[Exercise input — start]

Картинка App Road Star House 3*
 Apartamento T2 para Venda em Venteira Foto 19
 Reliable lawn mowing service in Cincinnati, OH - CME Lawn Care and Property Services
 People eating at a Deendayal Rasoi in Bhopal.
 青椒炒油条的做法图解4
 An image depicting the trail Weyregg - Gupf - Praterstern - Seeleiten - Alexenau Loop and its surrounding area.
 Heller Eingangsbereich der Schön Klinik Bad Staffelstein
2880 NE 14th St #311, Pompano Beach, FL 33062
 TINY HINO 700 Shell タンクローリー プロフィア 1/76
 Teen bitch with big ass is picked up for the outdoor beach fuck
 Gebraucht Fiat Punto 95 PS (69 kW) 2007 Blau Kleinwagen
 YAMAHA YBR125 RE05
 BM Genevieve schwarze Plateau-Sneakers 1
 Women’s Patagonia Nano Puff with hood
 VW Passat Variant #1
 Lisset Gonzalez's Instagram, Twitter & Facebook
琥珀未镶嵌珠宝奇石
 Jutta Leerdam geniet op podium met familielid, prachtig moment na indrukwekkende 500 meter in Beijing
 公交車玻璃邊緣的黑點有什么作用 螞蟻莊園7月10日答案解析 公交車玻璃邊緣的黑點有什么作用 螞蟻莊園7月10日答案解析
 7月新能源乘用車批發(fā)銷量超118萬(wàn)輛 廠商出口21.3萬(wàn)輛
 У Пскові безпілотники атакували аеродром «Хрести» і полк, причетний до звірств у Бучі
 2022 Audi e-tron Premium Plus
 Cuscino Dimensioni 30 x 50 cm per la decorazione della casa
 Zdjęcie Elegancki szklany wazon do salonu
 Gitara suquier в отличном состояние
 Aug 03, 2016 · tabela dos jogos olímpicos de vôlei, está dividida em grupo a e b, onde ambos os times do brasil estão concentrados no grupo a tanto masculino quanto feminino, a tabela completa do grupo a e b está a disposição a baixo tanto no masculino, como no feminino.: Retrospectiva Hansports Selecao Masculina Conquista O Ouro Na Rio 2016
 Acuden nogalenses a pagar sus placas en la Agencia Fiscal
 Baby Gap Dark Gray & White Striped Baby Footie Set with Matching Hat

[Exercise input — finish]

### Task item
Exactly repeat the lines above, from the opening line through the one with "BM Genevieve schwarze Plateau-Sneakers 1", and include nothing else.

### Exercise solution
Картинка App Road Star House 3*
 Apartamento T2 para Venda em Venteira Foto 19
 Reliable lawn mowing service in Cincinnati, OH - CME Lawn Care and Property Services
 People eating at a Deendayal Rasoi in Bhopal.
 青椒炒油条的做法图解4
 An image depicting the trail Weyregg - Gupf - Praterstern - Seeleiten - Alexenau Loop and its surrounding area.
 Heller Eingangsbereich der Schön Klinik Bad Staffelstein
2880 NE 14th St #311, Pompano Beach, FL 33062
 TINY HINO 700 Shell タンクローリー プロフィア 1/76
 Teen bitch with big ass is picked up for the outdoor beach fuck
 Gebraucht Fiat Punto 95 PS (69 kW) 2007 Blau Kleinwagen
 YAMAHA YBR125 RE05
 BM Genevieve schwarze Plateau-Sneakers 1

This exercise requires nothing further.